Mohawk Nation objects to cement plant project
Serge Simon, Grand Chef du Conseil Mohawk de Kanesatake, déclare qu’un projet de cimenterie près du village de L’Orignal pose un risque environnemental potentiel pour sa communauté, en aval de la rivière des Outaouais et soulève également la question des droits ancestraux. Il a promis de faire appel de la demande de zonage pour le projet à la Commission des affaires municipales de l’Ontario et demande également au gouvernement fédéral d’intervenir en la matière. There won’t be a full hearing before the Ontario Municipal Board until September 2018 on a controversial cement plant project near the village of L’Orignal. It may not even take place if the leader of the Mohawk Nation has anything to say about the matter.
“This is not just a local issue anymore,”
said Serge Simon, Grand Chief of the Mohawk Council of Kanesatake, to Richard Makuch of the Ontario Municipal Board (OMB) Friday morning in counties council chambers in L’Orignal.
The OMB scheduled the Sept. 1 meeting as a preliminary gathering of all sides concerned in appeals on Colacem Canada Inc.’s rezoning application for property near L’Orignal. The company wants to build a cement plant there and faces opposition from both Champlain Township council and Action Champlain, a grassroots community group, about the environmental and other impacts of the project.
Makuch, who chaired the meeting, stated that the earliest date possible for a full hearing on the matter is September 2018 with a five-week window kept open then, to allow all sides to present arguments and witness testimony.
“The best I could do for you is a year from now,” Makuch told representatives for all the parties involved in the current appeal process.

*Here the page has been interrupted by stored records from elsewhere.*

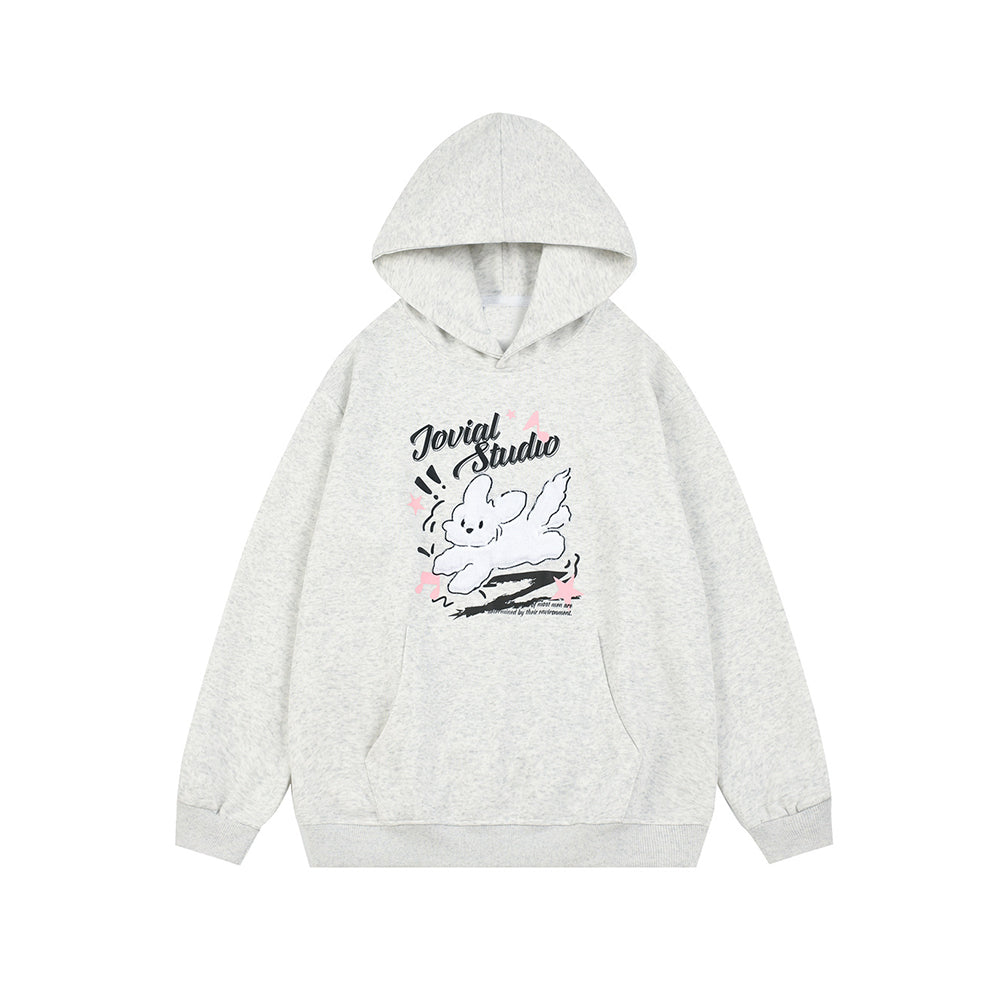 小狗刺綉連帽衛衣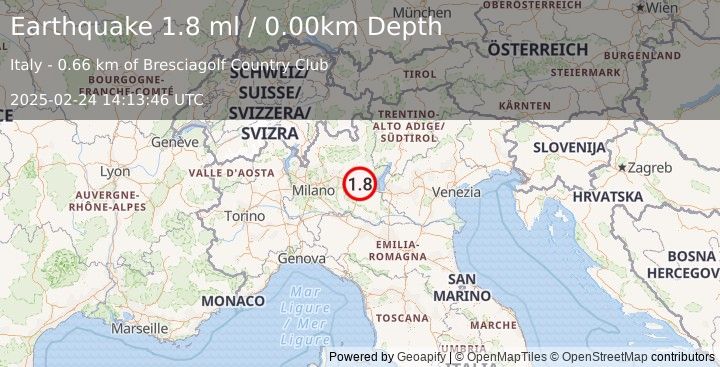 Earthquake NORTHERN ITALY (1.8 ml) (2025-02-24 14:13:46 UTC)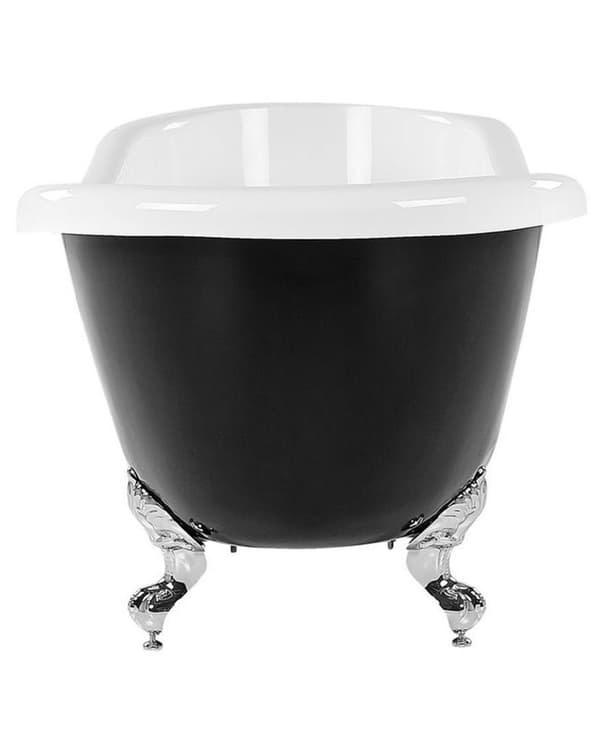 Badkar Svart Sanitetskryl 170 cm Blank Klassiskt Oval Fristående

Grand Chief Simon told Makuch that the Mohawk Nation was never consulted about the proposed project. He expressed concern about the potential environmental impact of the plant’s effluent on his community which is located downstream along the Ottawa River. He indicated that the issue of aboriginal rights should take precedence over an economic development project.
“Colacem is going to have to answer some serious questions,” said Grand Chief Simon.
He cited Section 35 of the Constitution Act concerning First Nation rights and noted Canada is also signatory to various international law agreements dealing with the rights of indigenous peoples. He stated that he will contact federal Environment Minister Catherine McKenna on the matter and also take it to the Prime Minister’s Office “if necessary”.
There are two appeal applications before the OMB dealing with the Colacem cement plant project proposal. The company is appealing Champlain Township council’s rejection of the rezoning application. Action Champlain, a local community group, is appealing the decision of the United Counties of Prescott-Russell (UCPR) to accept the rezoning request.
There are also a number of individuals living in and around the L’Orignal area who have also registered with the OMB as interested parties in the appeal process and their opinions will be included in the board’s review of the appeal applications next year in UCPR council chamber starting Sept. 4 at 10:30 a.m.
The OMB will suspend the hearing on Sept. 12 and 26 which are the days when the UCPR council has its regular meetings. Jim Walsh of L’Orignal, one of many residents interested in the future of the cement plant project of Colacem Canada, reviews a document during a pause in the Sept. 1 preliminary hearing session of the Ontario Municipal Board, in counties council chambers.